For next hour, I would take pains in erasing what I had done, cleaning until everything was spotless, deleting the browser history, taking a long shower after midnight – if my parents ever heard the water running they never asked – and when I felt I had done enough, I would dry off, then I would try to rest. But all I could was run the images over and over in my head. I had sentenced myself to death. I had given in to the flesh. I had let the devil win.

For the next hours I would stay awake as pangs of regret coursed through my body, sometimes into the early morning. And when I finally would get to sleep, I would only half-dream of strange things, of square pegs never fitting into round holes. My mind was trying to asses the damage. Sometimes the dreams would be so weird I would wake again later in the night – early morning – my heart beating fast.

In the weeks after my mind would be dogged with the memory. Palpable surges would run through my body, reminding me of my wrongdoings, and I would swear to myself and God I would never do it again. I’ll get an accountable partner. I’ll unplug every computer on earth. I’ll give every woman a sweater to always wear.

That’s only sort of a joke. I really did need to live in a world where everything had been neutered, at least until marriage, at which point I would be able to debase myself and another in every way imaginable. Because, the bible.
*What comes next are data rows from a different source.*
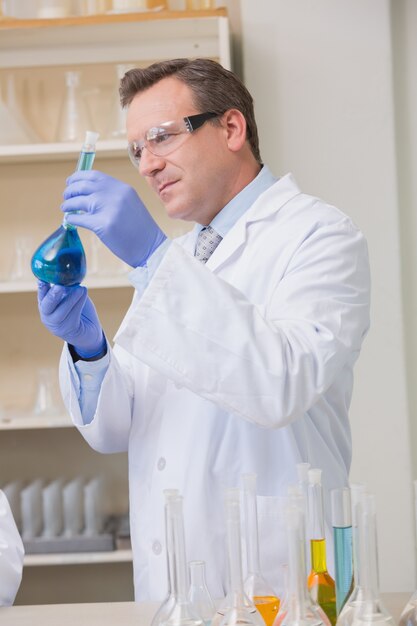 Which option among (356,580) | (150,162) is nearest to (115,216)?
(150,162)

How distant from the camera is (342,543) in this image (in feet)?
2.91

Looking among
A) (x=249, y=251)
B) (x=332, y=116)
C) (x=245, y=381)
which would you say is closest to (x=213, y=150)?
(x=249, y=251)

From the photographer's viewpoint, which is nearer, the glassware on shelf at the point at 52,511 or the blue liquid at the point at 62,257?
the blue liquid at the point at 62,257

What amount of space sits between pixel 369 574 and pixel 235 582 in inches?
5.1

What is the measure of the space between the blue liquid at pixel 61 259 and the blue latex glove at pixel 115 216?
26 millimetres

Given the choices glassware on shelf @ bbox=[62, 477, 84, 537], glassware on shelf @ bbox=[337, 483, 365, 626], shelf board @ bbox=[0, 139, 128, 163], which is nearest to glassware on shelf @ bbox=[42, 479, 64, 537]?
glassware on shelf @ bbox=[62, 477, 84, 537]

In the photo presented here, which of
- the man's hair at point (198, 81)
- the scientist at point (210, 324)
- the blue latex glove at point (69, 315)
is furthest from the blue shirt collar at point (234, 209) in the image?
the blue latex glove at point (69, 315)

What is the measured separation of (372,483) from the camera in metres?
2.67

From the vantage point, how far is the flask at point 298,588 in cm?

You can agree or disagree with that theology, but what I’d like to tell myself, 10 years later, is the reason you feel that shame is because you think the punishment for being human is suffering. When, in reality, the punishment for being human is being human. There’s no one up in the sky with a huge abacus.

You should not cause people harm. You should not engage in anything that would make anyone’s life worse. But you already know that. The reason you are in your parent’s basement or sneaking into your college radio station’s office or using a friend’s computer when he’s at class is because you are alone. And you believe that there is only one person on this earth for you, and that looking at anyone else will cause a ghost to turn that one person away from you for good.

Which is admirable, that idea, I guess. That you would believe in something pure. That you would try to keep the sanctity of some unknown love. That you would want to keep it consecrated by denying your cellular makeup.

But the shame I felt when I could not was so immense, I have to look back and say it was not worth it. Being squeezed in a vice the maker of the entire universe had made, I would not wish that on anyone.